Does nempty effect RPA NLF dielectric function?

Elk Users
Rob N
2014-01-28
2014-01-30
  • Rob N
    Rob N
    2014-01-28

    Does nempty effect the RPA NLF dielectric function (EPSILON_11) or only the tddft calculations that include local field effects (EPSILON_TDDFT)?

    If it affects both, is the value needed to converge the RPA-NLF not necessarily the same value required for TDDFT Epsilon?

    Best,

    RN

     
  • Markus
    Markus
    2014-01-29

    Hi Rob,

    it affects both. Just play with Si and see what happens. I would not bet that the same nempty will converge both. You might have a nicely converged head element of your response matrix (the RPA NLF), but the local-fields may still need some more. That's also true for BSE calculations, which require the full response function at w=0 for the screened Coulomb interaction.

    Regards,
    Markus

     
  • Rob N
    Rob N
    2014-01-29

    Markus,

    I played with it on my system and it didn't seem to affect my RPA-NLF calculations. I did notice a slight decrease in signal intensity in the TDDFT EELS (RPA-LFE) data past 25eV as I dropped below 25 down to 15 and 10. The relative shape of the plasmon remained the same, just the intensity was every so slightly decreased on the higher energy side.

    I will try dropping it even lower. I'm actually surprised nempty=10 didn't show larger differences for such a large system (28 atoms)

    Appreciatively,
    RN

     
    Last edit: Rob N 2014-01-29
  • Rob N
    Rob N
    2014-01-30

    nempty = 7 was as low as I could go. I attempted it at 5, but the signal past 25-30eV became unreasonable. Even with nempty=5 the lower portion (<22eV) was matched perfectly with nempty>25. So if a person is interested in this lower portion of the spectrum (say direct optical transitions) they may be able to keep this multiple of their computational expense very small.

    This may not be the case with all materials, and the energy at which this is true - if at all true, may in your system be quite different.

    Best,
    RN

     
    Last edit: Rob N 2014-01-30
  • Markus
    Markus
    2014-01-30

    Hi Rob,

    be aware that nempty is a scaling for the actual number of empty states:
    empty states = nempty * natoms * nspins. The default nempty=4 is already not bad. Even if you don't see a difference in the imaginary part of epsilon, you should notice a difference in the real part within the gap.
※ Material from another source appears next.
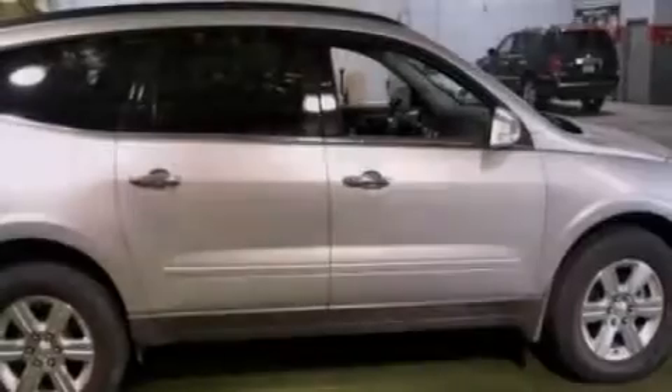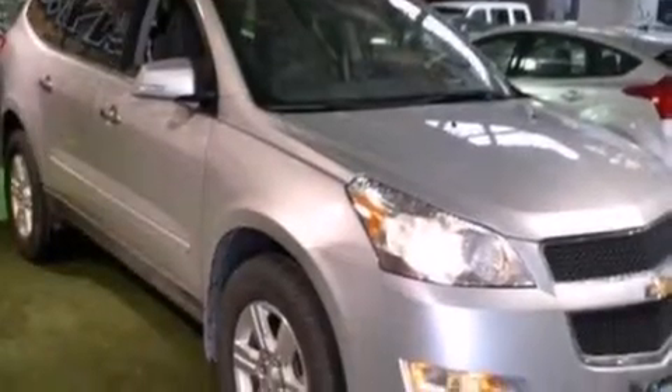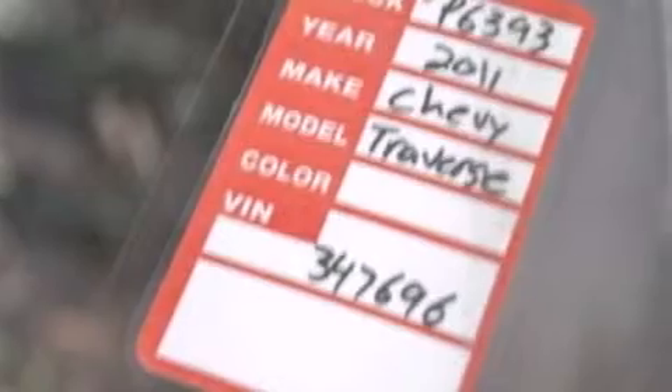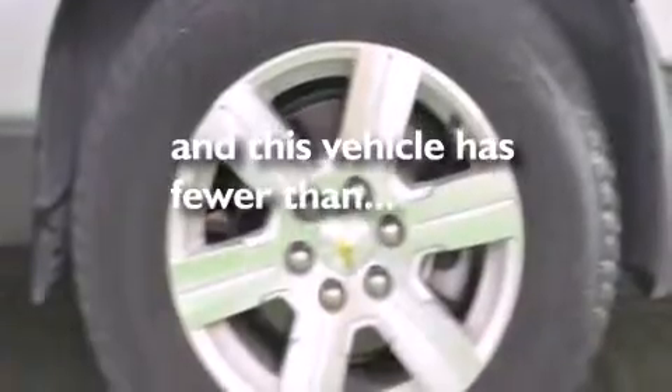The following features are also included: a low-tire pressure indicator, a power driver's seat, cruise control, a leather-wrapped steering wheel, an illuminated driver's side vanity mirror, rear curtain airbags, rear seat child-proof door locks, air conditioning with vents for rear seat passengers, a pass-through rear seat, and this vehicle has fewer than 43,000 miles on the odometer.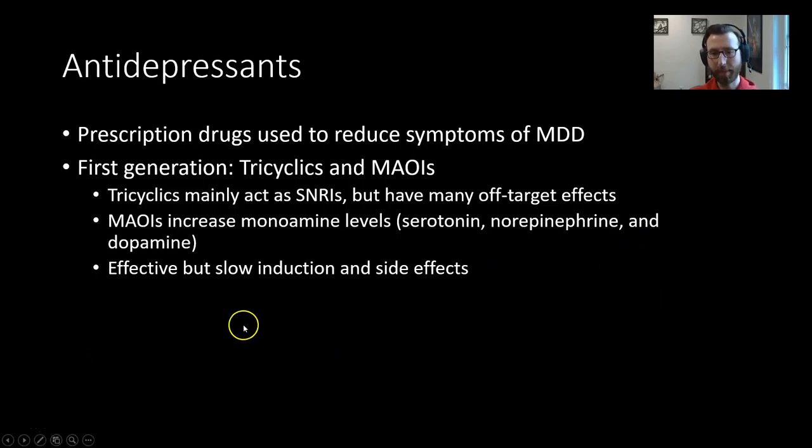These are effective, but they have a slow induction time — they can take something like two to six weeks to reach full efficacy. If you have someone who is extremely depressed, that may be too long to wait, which is a major drawback. There are also some major side effects because these drugs are not very specific.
This is quite sensitive to the number of transitions that you include. However, you'll have to go to quite low nempty to actually see the effect.

    Markus

     
  • Rob N
    Rob N
    2014-01-30

    Markus,

    That makes sense then. I thought nempty was the actual number of empty states being included, which is why I was surprised to see nempty=7 giving such good agreement.

     
  • Markus
    Markus
    2014-01-30

    Hi Rob,

    this was the case in elk's 1.x.x series. Since version 2.x.x it's defined as this type of scaling. This was meant to make working with the code a bit easier by automatic scaling of the number of empty states with the number of atoms. And since spin polarization is treated in second variation, the number of empty states is simply doubled then.

    Markus